Test the hypothesis that the risk appetite of the customers in this company is independent of their gender. Use α = 0.01.

1. 

Defining Hypothesis

H₀: Gender and risk appetite are independent.

H₁: Gender and risk appetite are dependent.

2. 

Selecting the Proper Test and Assumption Check

chi2 test should be used for this question. 

In [80]:
from scipy.stats import chi2_contingency

obs =np.array([[53, 23, 30, 36, 88],[71, 48, 51, 57, 203]])
chi2, p, dof, ex = chi2_contingency(obs, correction=False)

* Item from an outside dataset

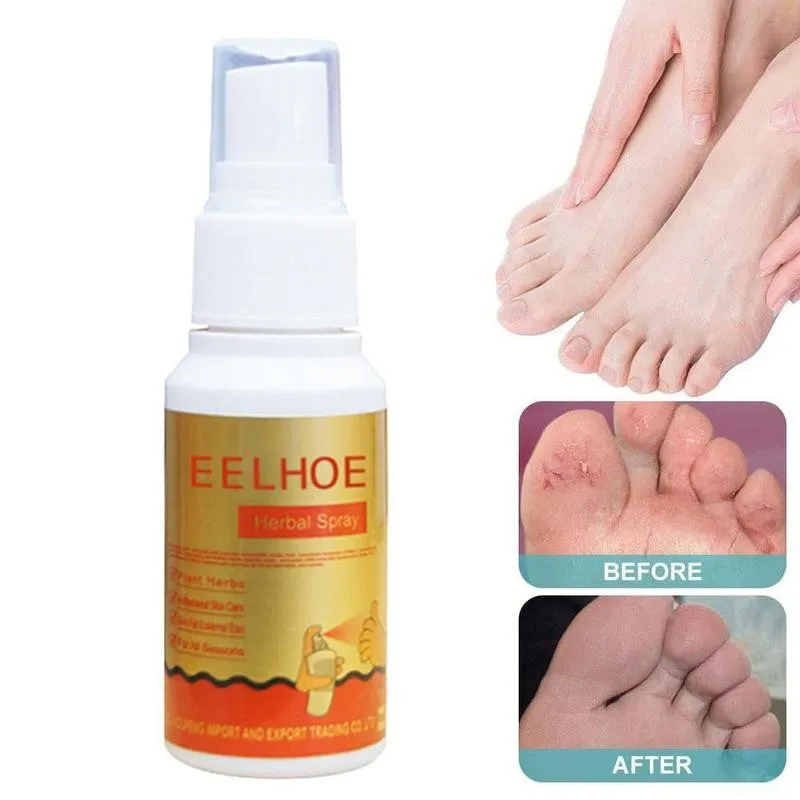 

30ml Natural Herbal Athletes Foot Spray Feet Care Remove Foot Odor Treatment Spray For Itchy Sweaty Feet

print("expected frequencies:\n ", np.round(ex,2))
print("degrees of freedom:", dof)
print("test stat :%.4f" % chi2)
print("p value:%.4f" % p)

expected frequencies:
  [[ 43.21  24.74  28.23  32.41 101.41]
 [ 80.79  46.26  52.77  60.59 189.59]]
degrees of freedom: 4
test stat :7.0942
p value:0.1310


In [81]:
from scipy.stats import chi2
## calculate critical stat

alpha = 0.01
df = (5-1)*(2-1)
critical_stat = chi2.ppf((1-alpha), df)
print("critical stat:%.4f" % critical_stat)

critical stat:13.2767


Insights:

Since the p-value is larger than α=0.01 ( or calculated statistic=7.14 is smaller than the critical statistic=13.28) → Fail to Reject H₀.

 At this significance level, it can be concluded that gender and risk appetite are independent.